Stalls overflowing with Royal merchandise ranging from party masks of William and Kate to tea-towels and mugs simply wishing the couple “all the best” were proving a hit with tourists.

Shop window after shop window was decorated with red, white and blue bunting. Outside Westminster Abbey some 50 people camped in tents in a bid to catch a good view of the newlyweds.

Among the Royal fans sleeping overnight was Canadian Sheree Zielke who flew to London to be part of the “small community” camping on the pavements.

“I was determined to be up front to get a good view,” she told the Belfast Telegraph.

Meanwhile, Penny Nash from Edgeware said she was bringing her two children to witness “an important moment in history”.

She joked: “It is like a military operation!”

But some tourists are not too fussed by the upcoming wedding.

Francois Mathieu (27) and Laurene Guerin (26) from Lyon, France, found themselves amid a tourist scrum outside the busy wedding venue.
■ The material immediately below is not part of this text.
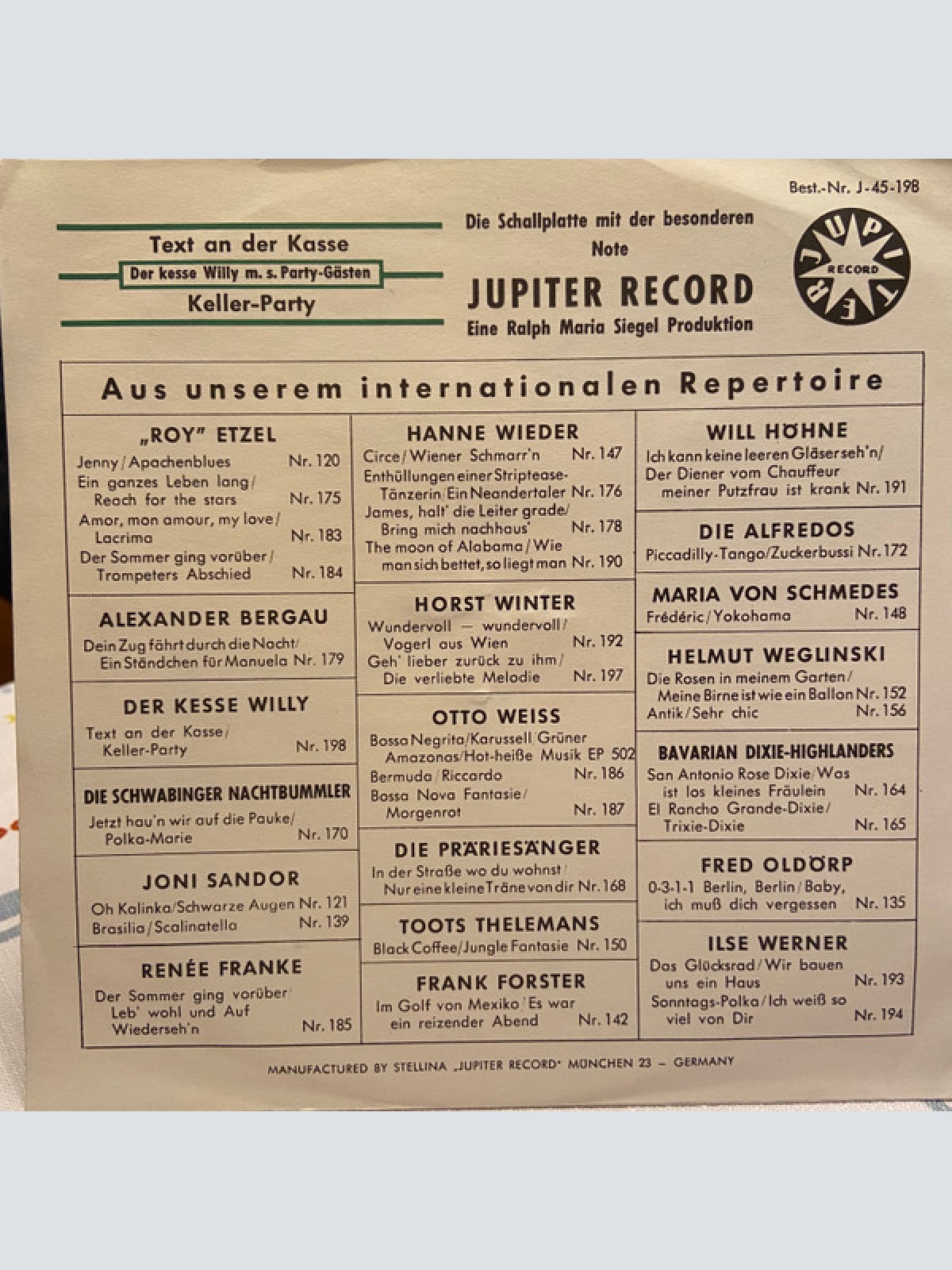 Vinyl / Der Kesse Willy* - Text An Der Kasse / Keller-Party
Mr Mathieu said: “We thought we would call to Westminster Abbey just to see what it was like but there are maybe too many people.”

Meanwhile, outside Buckingham Palace preparations were under way for the mass crowds to descend in anticipation of the famous appearance on the balcony.

At the moment London is busier than usual but not uncomfortably so.

The Cunnington family had moved to Australia from the north of England. They mingled among the crowds from all four corners of the globe, and were enjoying their glimpse of history.

Merv's daughters Toni (21) and Amy (18), both born in Australia, said they felt the Prince and Kate were “celebs but a different kind of celebs”. And according to these first generation Australians, history makes the difference.

As Merv showed his daughters their parents' country on their first visit to Britain, three guards on horses trotted perfectly by.

The omens are good, and if Friday is anything like yesterday it will be a lovely day for a Royal wedding.